PROBLEM TO WORK ON:
Since the records include pictures, leave those out while you reproduce exactly and only the lines from the one containing "MANDALAY, WYKHAM LANE, BROUGHTON, BANBURY, OX15" through the one containing "Set mobila de", inclusive.

GIVEN ENTRIES:

****************

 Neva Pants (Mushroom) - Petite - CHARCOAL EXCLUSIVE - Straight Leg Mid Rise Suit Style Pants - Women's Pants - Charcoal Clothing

****************

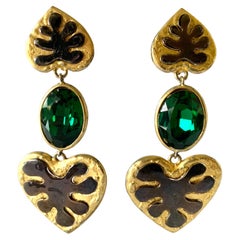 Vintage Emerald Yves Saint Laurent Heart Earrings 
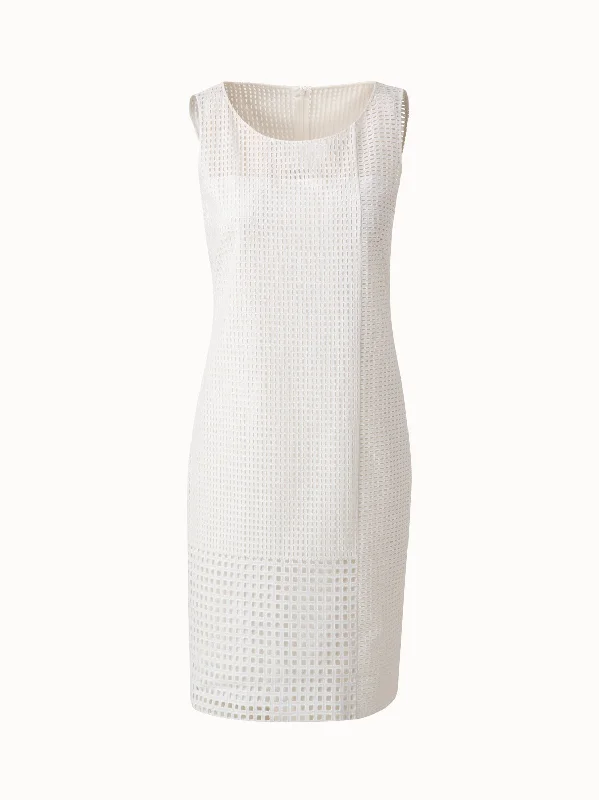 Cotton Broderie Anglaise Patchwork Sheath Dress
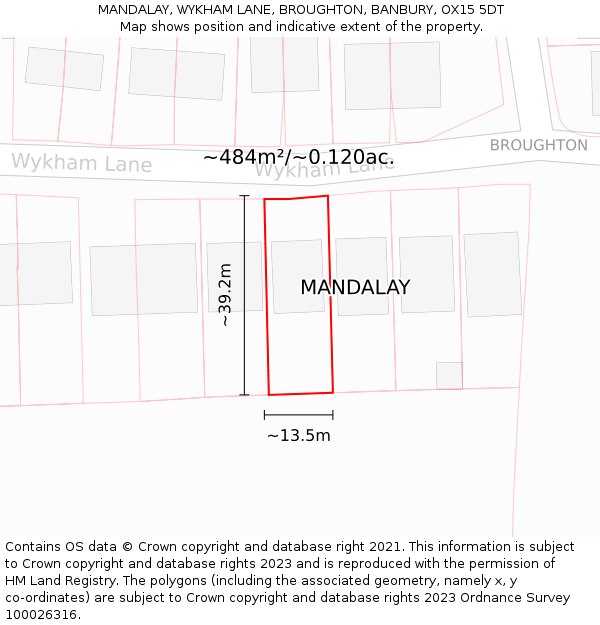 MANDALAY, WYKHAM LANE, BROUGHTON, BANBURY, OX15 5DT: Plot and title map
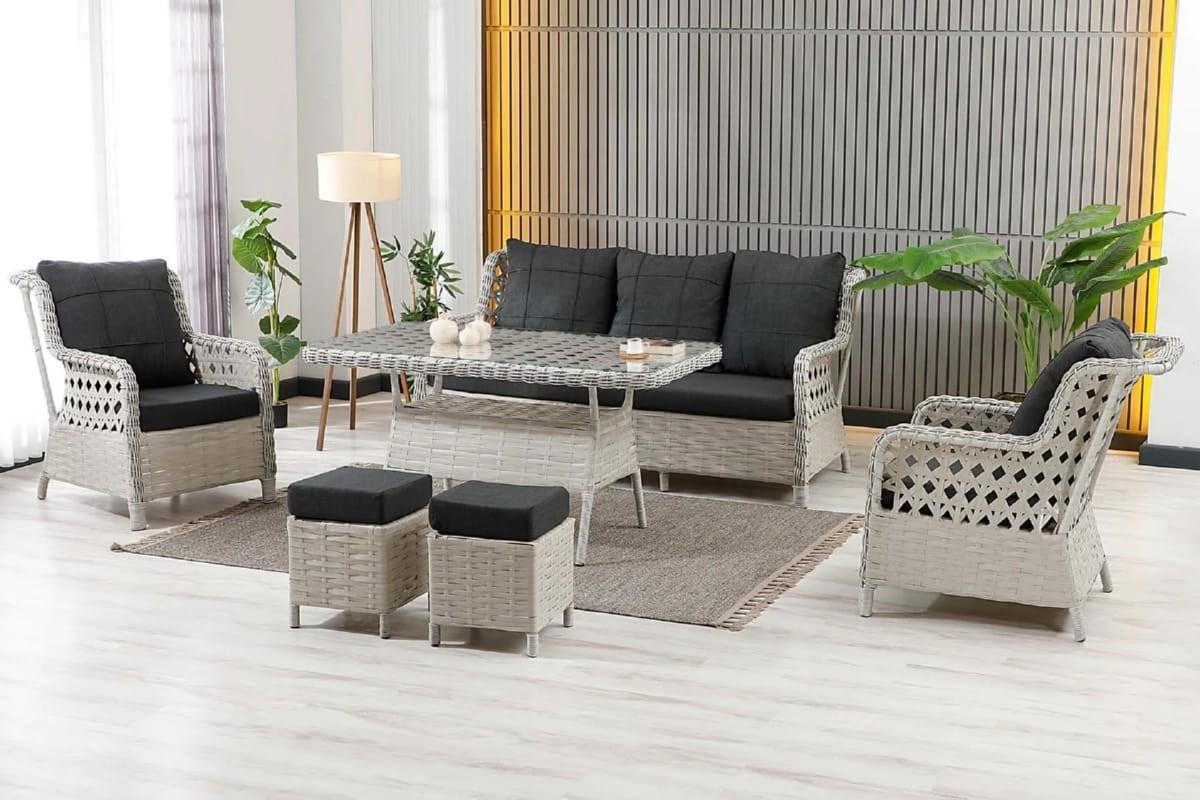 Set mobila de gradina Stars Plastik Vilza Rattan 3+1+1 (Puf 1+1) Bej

****************

SOLUTION FOR THIS TASK:
 MANDALAY, WYKHAM LANE, BROUGHTON, BANBURY, OX15 5DT: Plot and title map
 Set mobila de gradina Stars Plastik Vilza Rattan 3+1+1 (Puf 1+1) Bej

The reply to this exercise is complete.